Currently I'm working on cal and brook. Sometimes I implemented applications in cal and brook. And I notices that the timing information show the brook is faster than cal. For example, if we run the optimized matmult from brook samples and the compute_matmult from the cal sample. The result is follow:
result from brook:
Width Height Iterations CPU Total Time GPU Total Time Gflops Speedup
1024 1024 1 32.7529 0.127423 15.6957 257.041
result from cal:
Matrix Size Kernel Gflops System Gflops Kernel Time System Time
(1024x1024) 287.212 11.059 0.0075 0.1942
Compared to 0.1942 from cal, the brook 0.127423 is really fast. On the other hand, the kernel gflops of cal is really high. I believe something is wrong with the timing. Can anyone explain it?
If I changed the iteration to 16
brook:
Width Height Iterations CPU Total Time GPU Total Time Gflops Speedup
1024 1024 16 536.969 0.556496 57.5026 964.911
cal:
Matrix Size Kernel Gflops System Gflops Kernel Time System Time
(1024x1024) 393.469 11.914 0.0873 2.8841
You are comparing GPU time (Brook+) to system time (CAL)? Are these two the same thing because they don't sound like it?
Originally posted by: ryta1203 You are comparing GPU time (Brook+) to system time (CAL)? Are these two the same thing because they don't sound like it?
I think they are the same. They are doing the same thing: transfer cpu->gpu, kernel execution, gpu->cpu.
The cal is:
CopyDataToGPU
RunProgram
CopyDataFromGPU
The brook like:
StreamRead();
kernel();
StreamWrite();
Isn't there a CAL API call to get the timing of just the GPU? Why would they call one GPU Time and the other System Time?
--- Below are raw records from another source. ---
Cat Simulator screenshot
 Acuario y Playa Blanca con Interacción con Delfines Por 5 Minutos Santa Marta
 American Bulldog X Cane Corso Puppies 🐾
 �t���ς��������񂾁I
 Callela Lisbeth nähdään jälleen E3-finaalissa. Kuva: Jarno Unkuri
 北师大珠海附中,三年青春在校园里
Originally posted by: ryta1203 Isn't there a CAL API call to get the timing of just the GPU? Why would they call one GPU Time and the other System Time?
If you are looking into the cal code.
Info.System.Start();
for (CALuint i = 0; i < Info.Iterations; ++i)
{
CopyDataToGPU(&ctx, resourceHandler, data, numInputs + numConstantBuffers);
if (!RunComputeProgram(&ctx, &module, Info.Height / bPartsNum , Info.Height / aPartsNum, &Info))
{
return 1;
}
CopyDataFromGPU(&ctx, &resourceHandler[numInputs + numConstantBuffers], data + numInputs + numConstantBuffers, numOutputs);
}
Info.System.Stop();
RunComputeProgram will invoke follow:
Info->Kernel.Start();
if( calCtxRunProgramGrid(&event, *ctx, &pg) != CAL_RESULT_OK )
{
fprintf(stderr, "There was an error running the program.\n");
fprintf(stderr, "Error string is %s\n", calGetErrorString());
return 0;
}
// Wait for the last run to complete.
while ( calCtxIsEventDone(*ctx, event) == CAL_RESULT_PENDING );
Info->Kernel.Stop();
All the codes above are from the cal sdk samples.
The Kernel is the kernel exection timer, and System is the timer including the memory transfer. In the cal, you can get the kernel execution time. So there are kernel and system, two timer. In the brook, just one timer to show the total time, which should be the same of system time in the cal.